Entertainment Weekly seems to think so, but I'm not as pessimistic. Maybe that's because I avoided "The Apprentice: Celebrity Edition," which could have been renamed "I'm a Celebrity, Get Me Out of Here" if another show hadn't already claimed that title. (If boardroom tantrums by Melissa Rivers seem like the nadir of network television, it's only because we've willfully forgotten about the televised boxing match between Tonya "axels of evil" Harding and rival ice queen Paula Jones.)
And yet, there's much to be optimistic about. Television has been irrevocably altered by premium and basic cable. Many of the best writers in Hollywood are now working on the small screen. Why? In part, because they have freedom to develop complex story lines with more finely developed arcs than they could ever pull off in a 120-minute movie.
In a recent column comparing the movie "Revolutionary Road" and the similarly themed TV series "Mad Men," Variety's ever-thoughtful TV critic, Brian Lowry, observed that Leo-Kate movie barely had time to satisfactorily shape its characters' arcs in a nuanced way.
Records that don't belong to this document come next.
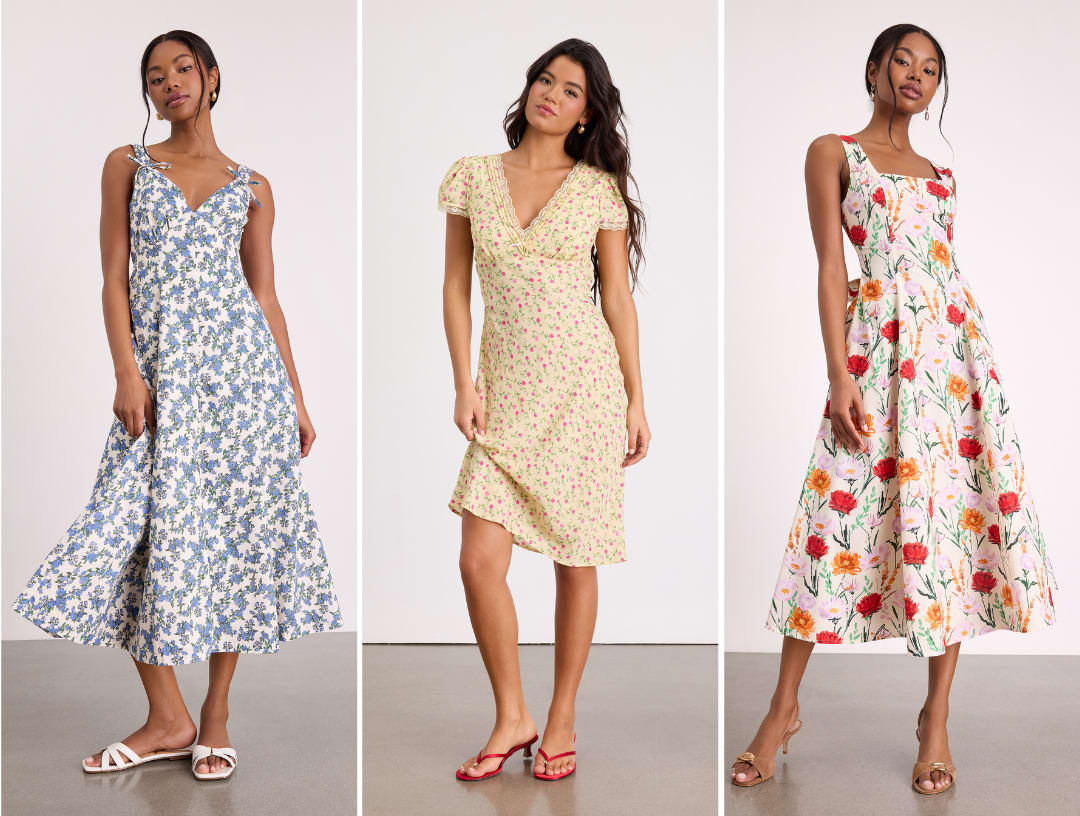 floral easter dresses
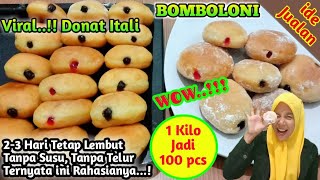 IDE BISNIS  Bomboloni Donat Itali [upl. by Caty]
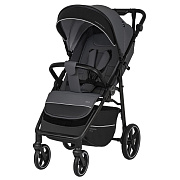 Детская прогулочная коляска Indigo Era темно-серый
Longform storytelling in television, on the other hand, allows for the sort of complexity that "Revolutionary Road" is missing.
Lowry concludes, "While mainstream movies have become the understandable vehicle of choice for visualizing comic books and graphic novels, more intricate dramatic storytelling has found a
particularly satisfying home in television, capitalizing on the medium's novelistic latitude to develop characters over extended arcs, whether that's 'The Wire' -- really the great American novel in TV form -- or programs such as 'Big Love' and "Mad Men.' It's been a long road (more evolutionary than revolutionary) to this juncture. Yet after years in which TV has suffered from an inferiority complex vis-a-vis movies, at certain key nodes those lines have been erased --
so much so that many of this generation's finest creative moments are, indeed, being televised."
Granted, there are some troubling trends, too. For a while there, it seemed that audiences were less interested in predictable procedurals than they were in ambitious sagas such as "Lost." But that fad has, sadly, passed. The most popular shows on TV nowadays are once again “NCIS,” “CSI,” "Cold Case,” and “The Mentalist.” Frankly, it's a miracle that "Friday Night Lights" is still on the air. Moreover, the fall schedule is filled with even more shows about lawyers, cops, and doctors.
As networks struggle to hang on to viewers in the long-tail era, a certain conservatism is inevitable. But as network television retrenches through cost-cutting moves such as moving Jay Leno to 10 p.m., more viewers will likely look to TNT, AMC, USA, FX, Showtime, and HBO for salvation. The days of network monopoly are over. The medium's future looks bright.